TRIBUNPAPUABARAT.COM, BINTUNI - Tokoh Dewan Adat Papua (DAP), Yan Victor Kamisopa, menyampaikan kekecewaan dan keprihatinannya atas eksekusi rumah oleh Pengadilan Negeri (PN) Manokwari di atas tanah adat milik marga Tiri, di SP 5 Teluk Bintuni.
Yan menegaskan bahwa persoalan tanah adat bukan sekadar sengketa hukum biasa, melainkan menyangkut harga diri dan kehidupan masyarakat Papua.
“Tanah adalah harga diri orang Papua. Makan, hidup, dan masa depan kami ada di atas tanah ini. Ketika rumah dibongkar di depan kami, tentu ada rasa marah, malu, dan kecewa,” ujar Yan Victor Kamisopa, kepada wartawan di lokasi eksekusi, Kamis (4/6/2026).
Meski mengakui proses hukum telah berjalan panjang dan eksekusi dilakukan sesuai ketentuan, Yan berharap masih ada ruang komunikasi antara keluarga, tokoh adat, dan pihak terkait.
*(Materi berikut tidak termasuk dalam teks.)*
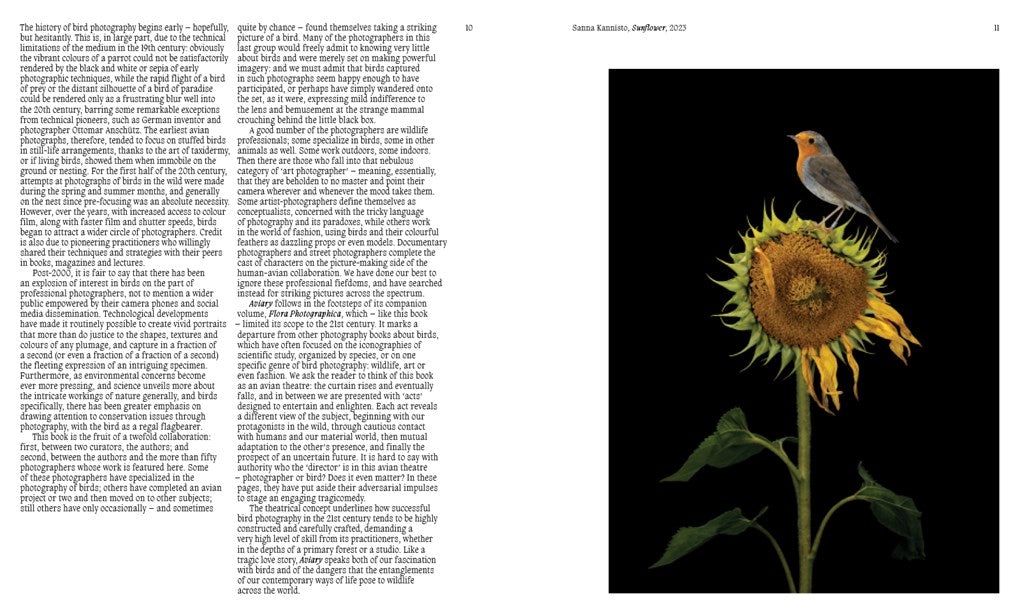 Aviary: The Bird in Contemporary Photography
Baca juga: Fraksi Otsus: Proyek di Bintuni Jangan Ganggu Tanah Adat Tanpa Persetujuan
Ia menekankan bahwa lembaga adat akan terus mencari jalan terbaik agar hak-hak masyarakat adat tetap diperhatikan.
Yan juga meminta pemerintah hadir dalam penyelesaian persoalan tanah adat yang kerap muncul di negeri Sisar Matiti (Teluk Bintuni).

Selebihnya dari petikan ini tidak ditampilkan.